## DATA SHOWN

::::

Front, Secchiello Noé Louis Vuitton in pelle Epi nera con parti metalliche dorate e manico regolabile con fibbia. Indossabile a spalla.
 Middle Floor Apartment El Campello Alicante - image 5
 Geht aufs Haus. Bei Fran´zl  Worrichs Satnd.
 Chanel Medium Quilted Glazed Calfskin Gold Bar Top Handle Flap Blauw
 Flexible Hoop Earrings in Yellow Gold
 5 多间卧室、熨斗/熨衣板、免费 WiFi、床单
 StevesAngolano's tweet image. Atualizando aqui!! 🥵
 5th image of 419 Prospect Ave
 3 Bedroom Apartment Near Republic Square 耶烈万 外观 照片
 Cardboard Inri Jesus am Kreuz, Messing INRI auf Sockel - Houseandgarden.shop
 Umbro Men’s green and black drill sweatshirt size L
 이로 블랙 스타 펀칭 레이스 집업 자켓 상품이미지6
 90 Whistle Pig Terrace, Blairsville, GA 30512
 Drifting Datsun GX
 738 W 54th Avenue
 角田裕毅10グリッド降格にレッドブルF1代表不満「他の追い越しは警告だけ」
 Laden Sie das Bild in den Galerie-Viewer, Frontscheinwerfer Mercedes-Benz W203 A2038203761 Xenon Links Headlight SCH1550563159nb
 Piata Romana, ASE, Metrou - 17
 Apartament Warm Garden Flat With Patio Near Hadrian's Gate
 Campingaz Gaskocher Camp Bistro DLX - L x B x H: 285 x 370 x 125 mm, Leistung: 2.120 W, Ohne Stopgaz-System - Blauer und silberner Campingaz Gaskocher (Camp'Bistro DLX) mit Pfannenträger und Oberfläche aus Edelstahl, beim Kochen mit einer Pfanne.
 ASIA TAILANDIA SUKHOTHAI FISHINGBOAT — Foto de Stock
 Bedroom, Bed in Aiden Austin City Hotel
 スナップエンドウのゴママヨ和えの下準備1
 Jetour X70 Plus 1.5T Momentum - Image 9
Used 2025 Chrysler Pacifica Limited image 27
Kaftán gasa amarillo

::::

## WHAT IS BEING ASKED
What you return should match the data character for character.

## EXERCISE RESULT
Front, Secchiello Noé Louis Vuitton in pelle Epi nera con parti metalliche dorate e manico regolabile con fibbia. Indossabile a spalla.
 Middle Floor Apartment El Campello Alicante - image 5
 Geht aufs Haus. Bei Fran´zl  Worrichs Satnd.
 Chanel Medium Quilted Glazed Calfskin Gold Bar Top Handle Flap Blauw
 Flexible Hoop Earrings in Yellow Gold
 5 多间卧室、熨斗/熨衣板、免费 WiFi、床单
 StevesAngolano's tweet image. Atualizando aqui!! 🥵
 5th image of 419 Prospect Ave
 3 Bedroom Apartment Near Republic Square 耶烈万 外观 照片
 Cardboard Inri Jesus am Kreuz, Messing INRI auf Sockel - Houseandgarden.shop
 Umbro Men’s green and black drill sweatshirt size L
 이로 블랙 스타 펀칭 레이스 집업 자켓 상품이미지6
 90 Whistle Pig Terrace, Blairsville, GA 30512
 Drifting Datsun GX
 738 W 54th Avenue
 角田裕毅10グリッド降格にレッドブルF1代表不満「他の追い越しは警告だけ」
 Laden Sie das Bild in den Galerie-Viewer, Frontscheinwerfer Mercedes-Benz W203 A2038203761 Xenon Links Headlight SCH1550563159nb
 Piata Romana, ASE, Metrou - 17
 Apartament Warm Garden Flat With Patio Near Hadrian's Gate
 Campingaz Gaskocher Camp Bistro DLX - L x B x H: 285 x 370 x 125 mm, Leistung: 2.120 W, Ohne Stopgaz-System - Blauer und silberner Campingaz Gaskocher (Camp'Bistro DLX) mit Pfannenträger und Oberfläche aus Edelstahl, beim Kochen mit einer Pfanne.
 ASIA TAILANDIA SUKHOTHAI FISHINGBOAT — Foto de Stock
 Bedroom, Bed in Aiden Austin City Hotel
 スナップエンドウのゴママヨ和えの下準備1
 Jetour X70 Plus 1.5T Momentum - Image 9
Used 2025 Chrysler Pacifica Limited image 27
Kaftán gasa amarillo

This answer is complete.